The area is projected to be the last portion of the Arctic Ocean to maintain year-round ice — until 2050, that is, by which time the oldest and strongest ice in the Arctic is expected to melt.
But there are signs that the ice may become unstable earlier than predicted.
Recent reports have shown that the last intact ice shelf in the Canadian Arctic has also collapsed.
The Milne ice shelf, which is situated in Tuvaijuittuq is now adrift.
These findings suggest that "the Milne and other ice shelves in Canada are simply not viable any longer and will disappear in the coming decades," said Luke Copland, glaciology research chair at the University of Ottawa, in a press release.
This may also mark a "devastating" loss of unique, biodiverse ecosystems.
'I knew them as friends'
Serreze co-authored the report that predicted the final days of the two ice caps on Hazen Plateau a few years ago.
"I knew every square inch of these ice caps," he said. "I knew them as friends too, you know, and now they're gone.... It's like losing an old friend."
Ice caps will often shrink during the summer then recover as winter approaches.
However, Serreze said that recovery is not possible in this case, "because we're not cooling down again."
"We're in control of the climate now.
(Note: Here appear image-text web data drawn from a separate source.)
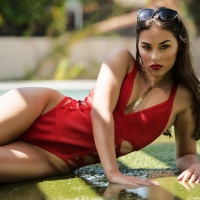 Swimsuit Model ~ Jessica Ann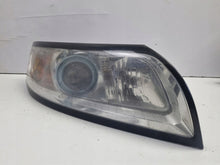 Load image into Gallery viewer, Frontscheinwerfer Volvo S40 II 31299588 0301237272 Xenon Rechts Headlight SCH7592859034vq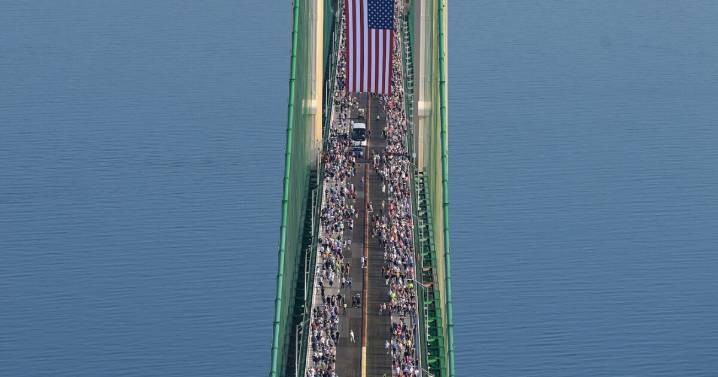 More than 33,000 take part in annual Mackinac Bridge Walk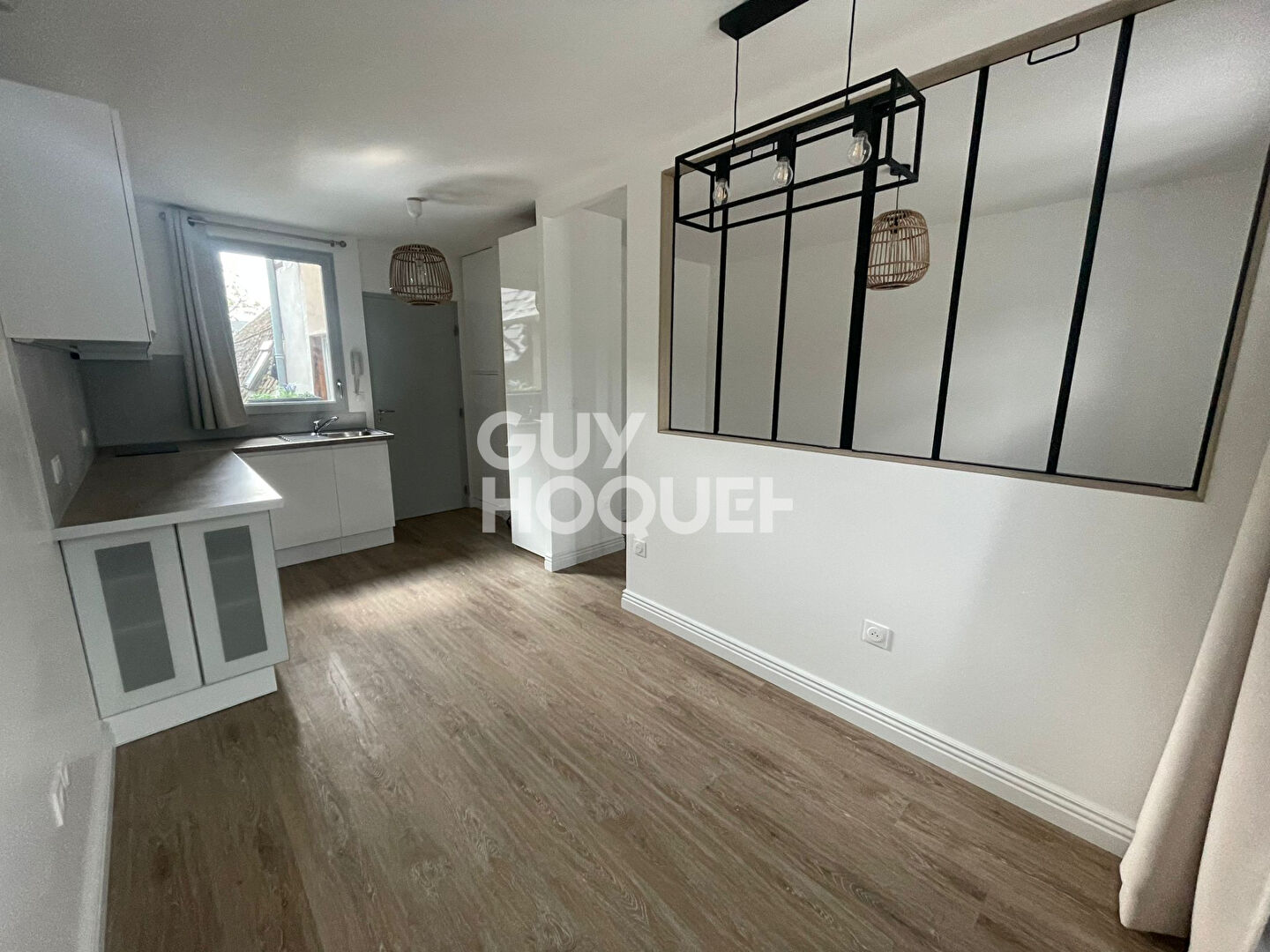 NEUVILLE AUX BOIS : appartement T1 (25 m²) en location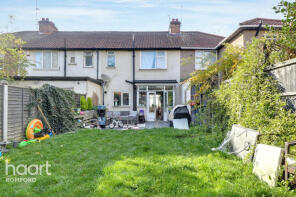 4, Kingsmead Avenue, Romford RM1 2BT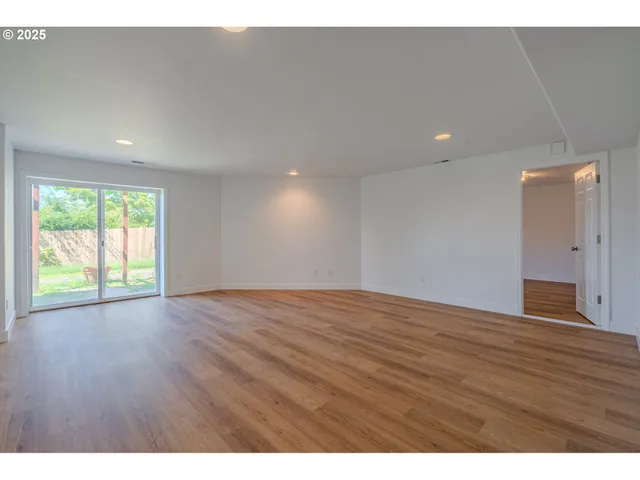 $630,000 | 642 East Pioneer Loop, La Center, WA 98629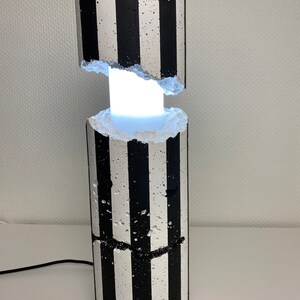 Lámpara de hormigón artesanal. imagen 2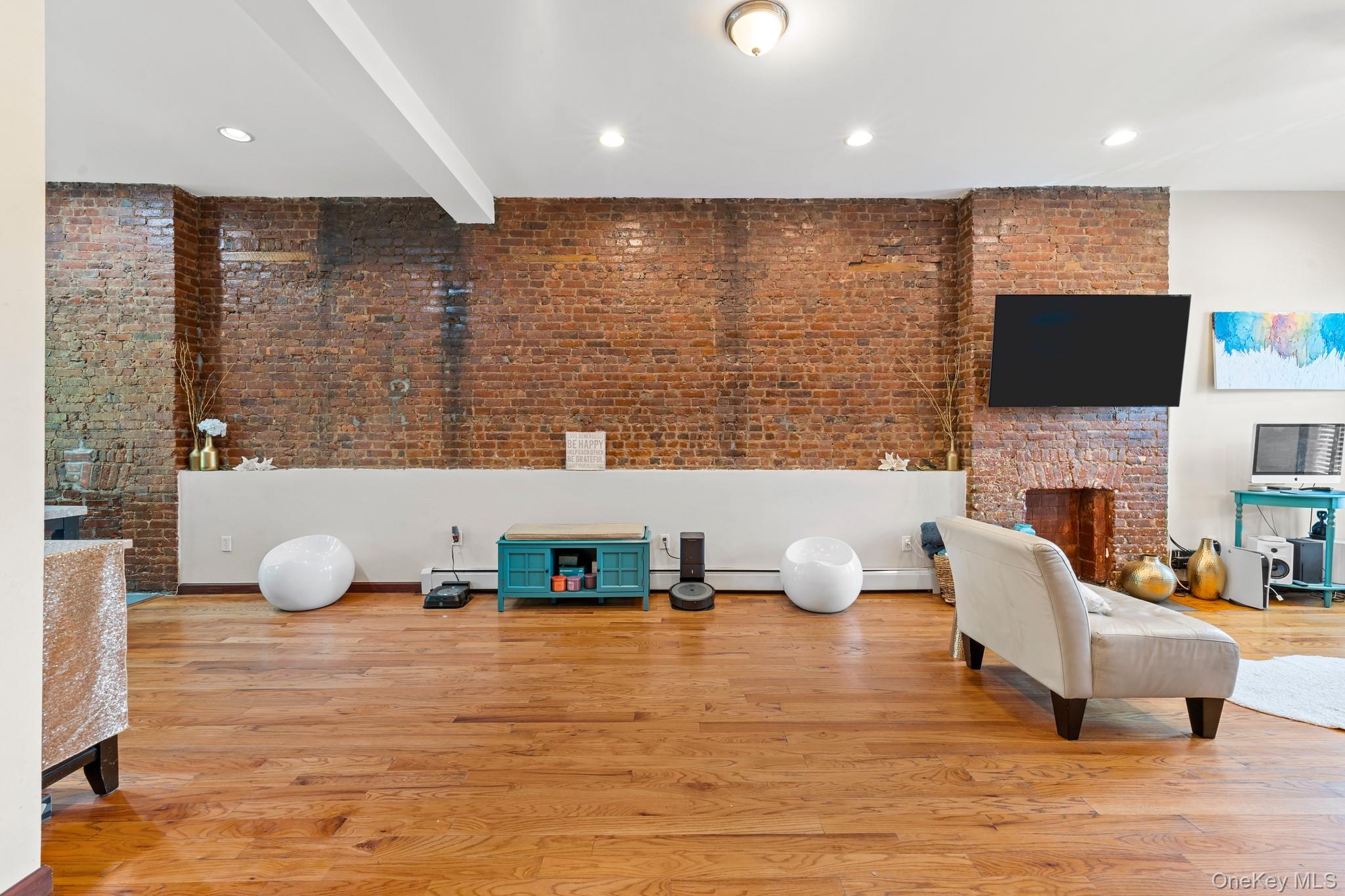 609 Lexington Avenue, Brooklyn, NY 11221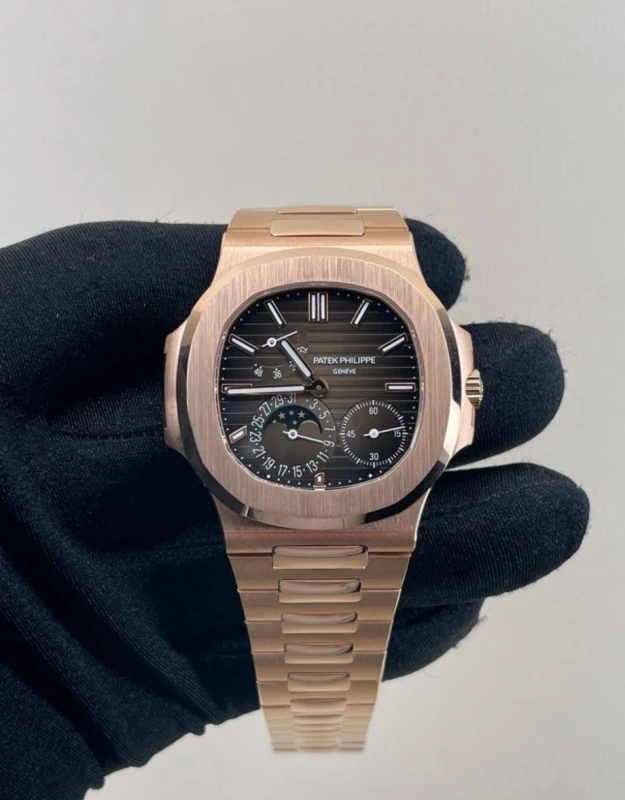 Patek Philippe 5712/1R-001 5712/1R-001 9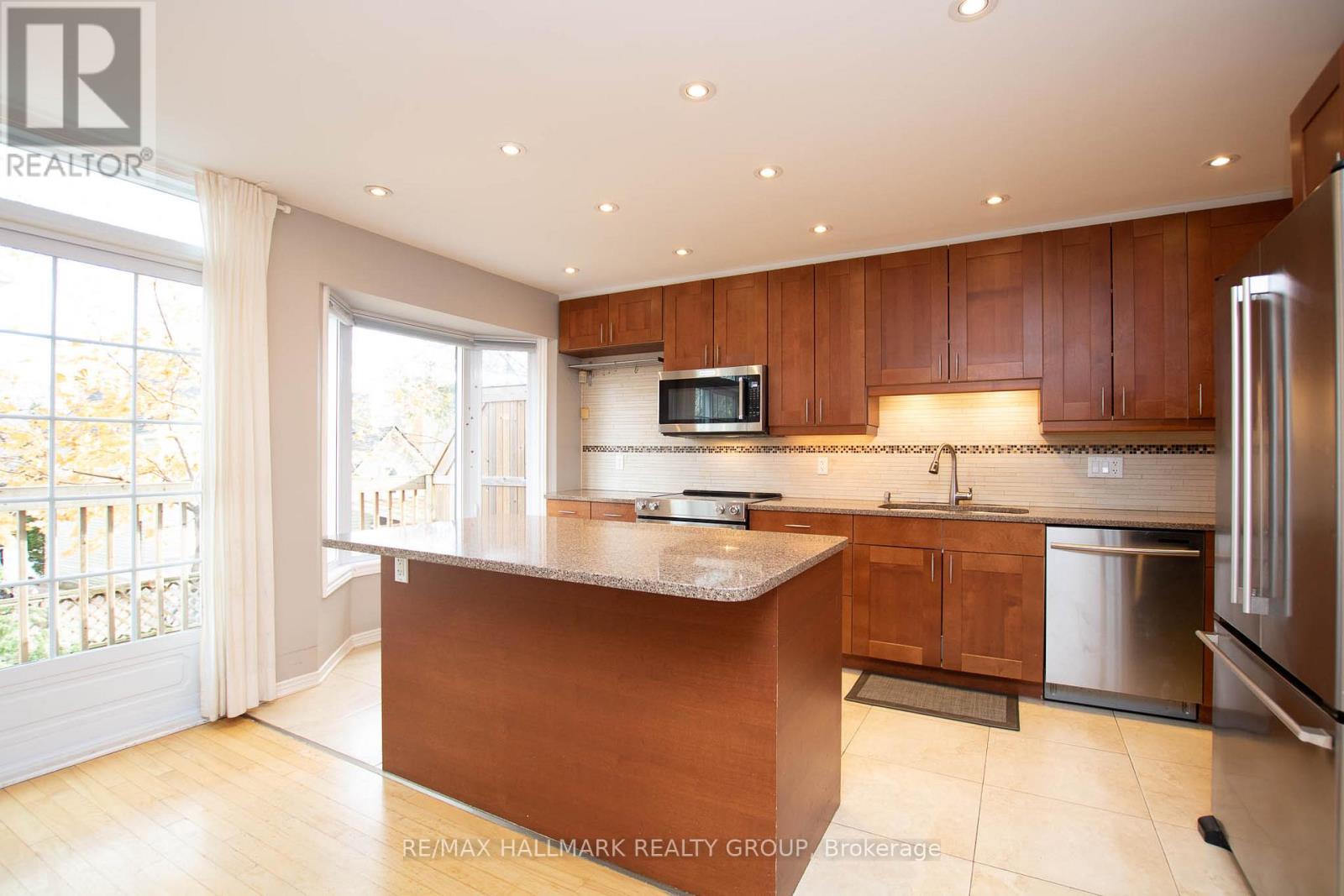 22 Central Avenue, Ottawa, Ontario  K2P 0M9 - Photo 11 - X12157208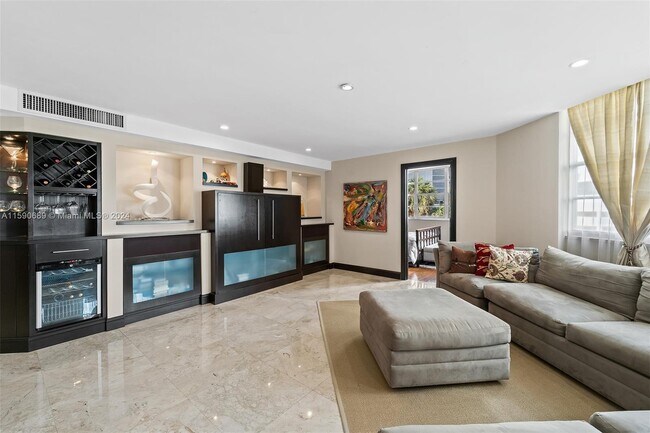 Building Photo - 999 Brickell Bay Dr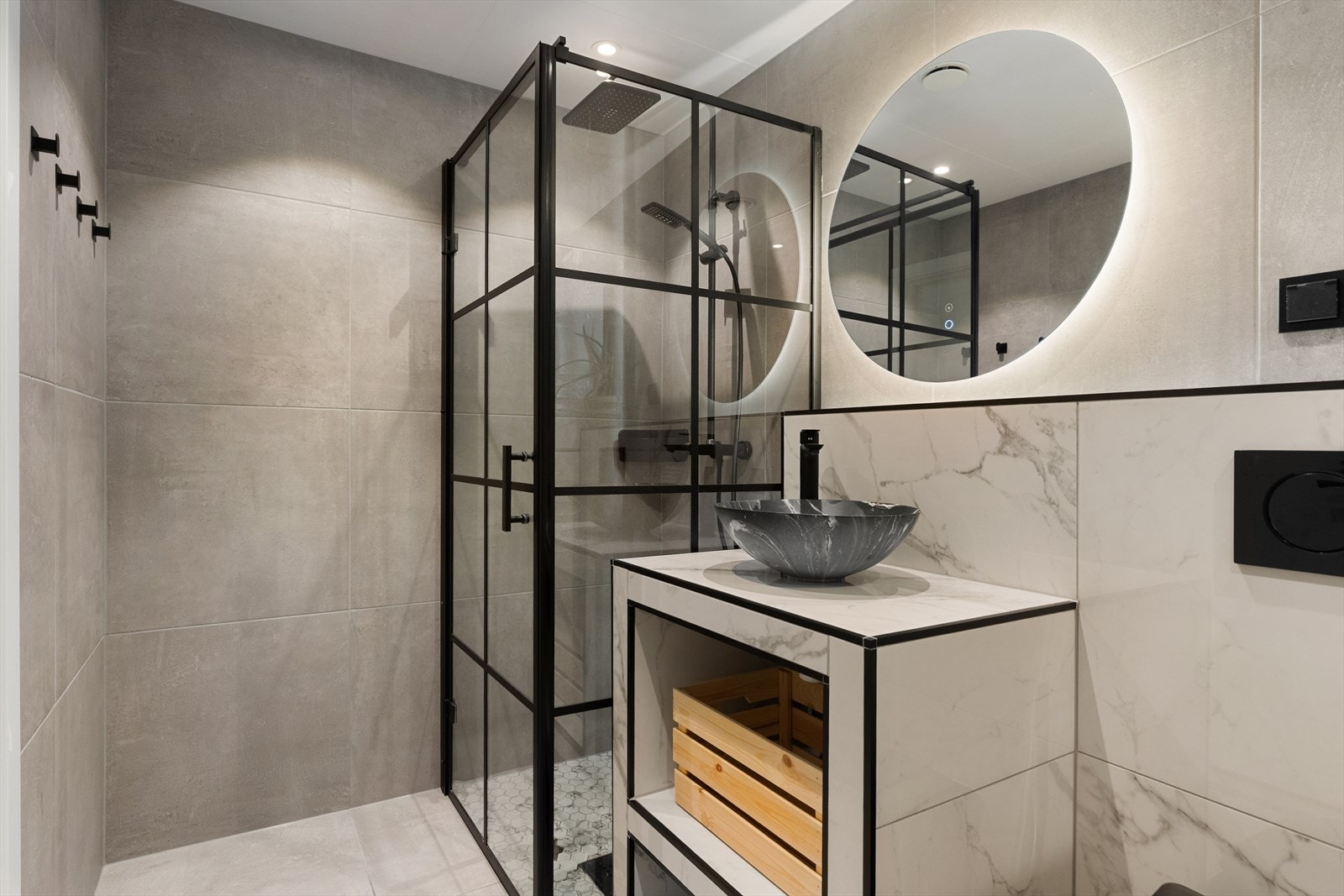 Bad med flislagte gulv- og veggflater. Mosaikk i dusjsone er nå byttet ut ifbm. oppgradering av badet etter at bilde ble tatt. Galleribilde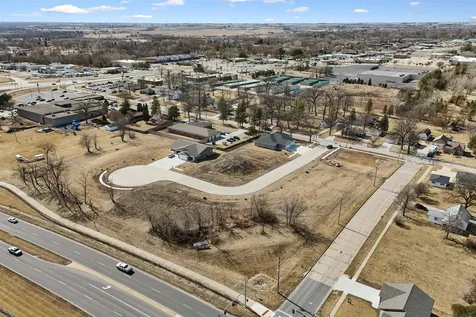 Bergen Drive Waterloo IA 50701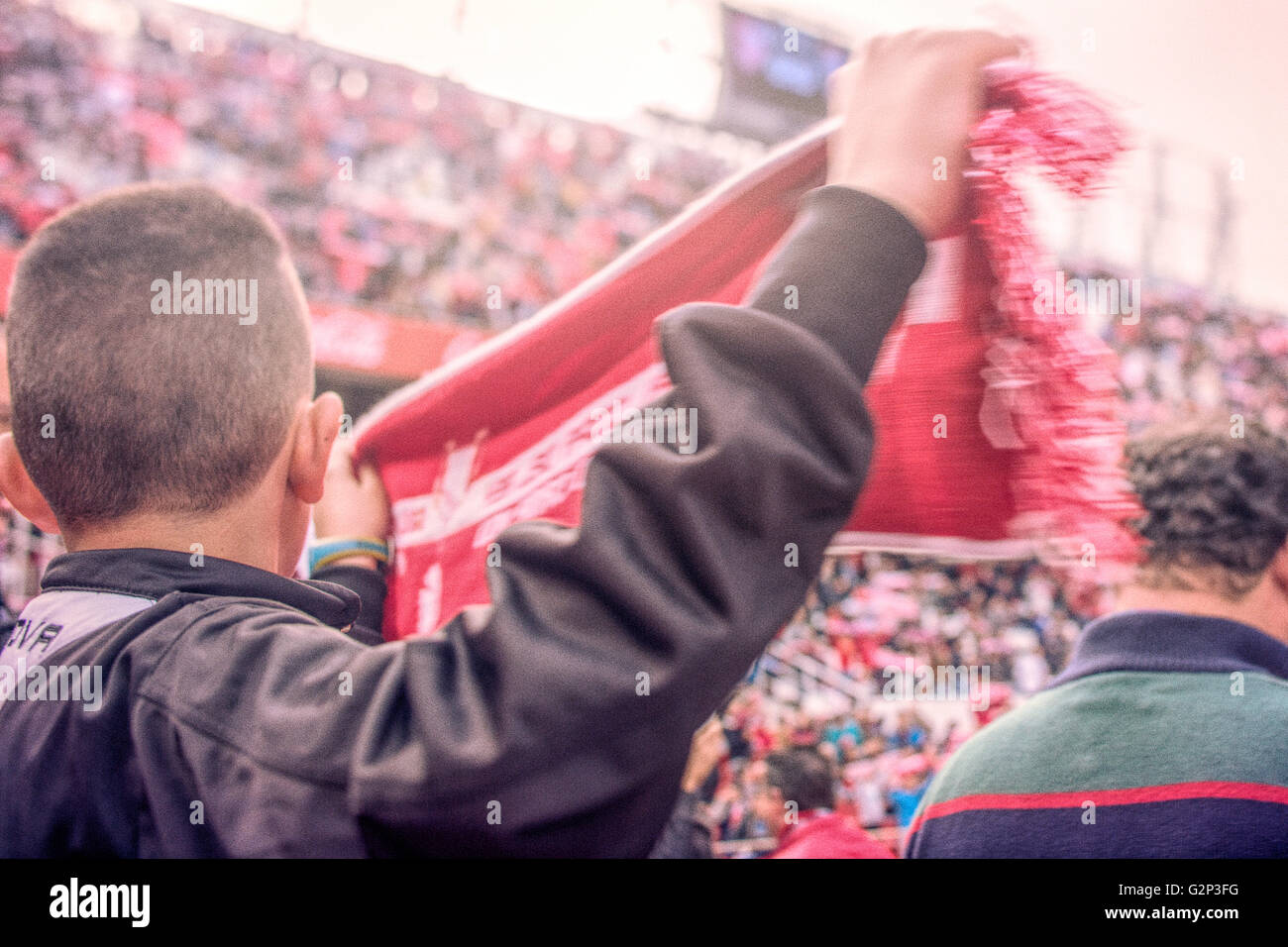 Jungen Fußball-Fan mit seinem Schal. Ramon Sanchez-Pizjuan Stadion, Sevilla, Spanien Stockfoto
Basically, we've taken on the reins.... So unless we as a people and as a society get a handle on this ... there's no way these things are ever going to come back," Serreze said.
The Arctic is "locked in" for a temperature rise twice to three times the global average, according to a 2019 United Nations report.
As temperatures continue to rise, more ice will be lost.
"In many ways, [residents of the Arctic] have the least to do with what brought us to right now," yet they are bearing the greatest burden of these changes, said Serreze.
A 'devastating' loss of ecosystems
Recently, scientists uncovered a channel on the Milne ice sheet that was home to "a truly unique ecosystem of bottom-dwelling animals — scallops, sea anemones and so forth," said Derek Mueller, a professor at Carleton University.
The discovery was "phenomenal," but is now threatened.
"Our team was on the cusp of further documenting this unique environment, which may well have disappeared as a result of this collapse," Mueller said.
The habitat adapted in a "remarkable" environment that relies on a careful balance of ice and water.
But unfortunately, it's a "one way trip" with climate change, says Andrew Hamilton, a research fellow at the University of Alberta.
"These ice shelves are not going to regenerate anytime soon. So, these are ecosystems that are lost basically for good now," Hamilton said.
Adapting to the new Arctic
Hamilton described a journey he took in 2018 to the Milne ice sheet as challenging, but surreal.
"It's very smooth undulating hills on this ice shelf ... and you're riding a snowmobile, so it's kind of like a very smooth slow going roller coaster over the hills and valleys on the ice shelf," he said.
The experience motivated him to conduct research in the area and spurred a passion to reduce the impact of climate change so the ice features he admired would remain.
The rapid pace of climate change in the Arctic causes concern about how communities are able to adapt. Inuit in particular have an interconnected relationship with the environment and rely on ice cover.
In the Inuit Tapiriit Kanatami (ITK) climate change strategy, president Natan Obed said "for us, ice is a fundamental source of learning, memories, knowledge and wisdom."
Being able to better understand and foresee some of the changes occurring is key to adapting, said Hamilton.
However, the pandemic demonstrated "the dire need for more community-led research in the North," Hamilton says.
Hamilton's work is also trying to support training and skill development so community members can take the lead on research questions that are most important to them and their communities.
"There's no one more motivated to understand what's happening in the Arctic than communities that are right at the forefront of these changes," Hamilton said.